As with wine, though, the variety of cheeses can be daunting when it comes time to choose one. To help, Chez Loulou has been systematically tasting cheeses, and writing about them, since April of 2007. Her Fête du Fromage is now an “International cheese tasting event” which invites bloggers from all over to share their cheese finds with the world, or at least the world wide web. I’m happy to join the party.
A cheese that’s new to me but which I immediately started counting among my favorites after a single bite: Pérail.
This is a raw sheep’s milk cheese from the Aveyron that is mild enough to convert those who don’t normally like fromage de brebis. Pérail is not overly sheepy but neither is it sheepish; slightly floral and and a little grassy, I think it’s surprisingly complex for being so delicate.
Honestly, though, what I really love about this cheese is the texture. Inside, it’s like custard, like a perfectly silky pudding, creamy and unctious, not runny. It has a tender, bloomy rind that does not overpower the interior.

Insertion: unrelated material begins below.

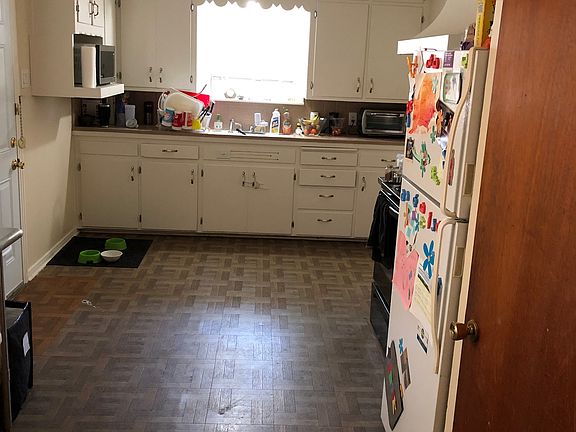 5th image of 2424 Glendale Dr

I should mention that Pérail isn’t made from just any sheep’s milk, but milk of the Lacaune sheep, the very same milk used to make Roquefort. In the 19th century, Pérail was made with the small amount of milk that wasn’t sold to make the famous blue cheese, only consumed locally, and was almost extinct until the 1990s, when some Pérail producers got together to raise standards and promote their product. I am so glad they did that.
Unpressed and aged only about three weeks, Pérail is best eaten within a few days of bringing it home. If you happen to buy a disc and forget about it for a couple of weeks (I don’t know anyone who would do such a thing…gulp) it will not be the same cheese it was when you put it in.
To celebrate their 100th anniversary, the venerable fromager Androuet worked with a small producer in the Aveyron to create Le 1909, not exactly a Pérail but a “Pérail-type” cheese (their words, not mine). Stronger, saltier, and more aggressive, this will please fans of “stinky” cheeses.
I am a fan of almost all kinds of cheeses. Androuet, for the moment, is my local. Invariably, when I go in, point to something and ask “Qu’est-ce que c’est?” the sweet fromager winks and says, “C’est le fromage.”
Just once, I’d like to wink back and say, “Mais non, c’est vous, le fromage,” but I’m not sure it would translate.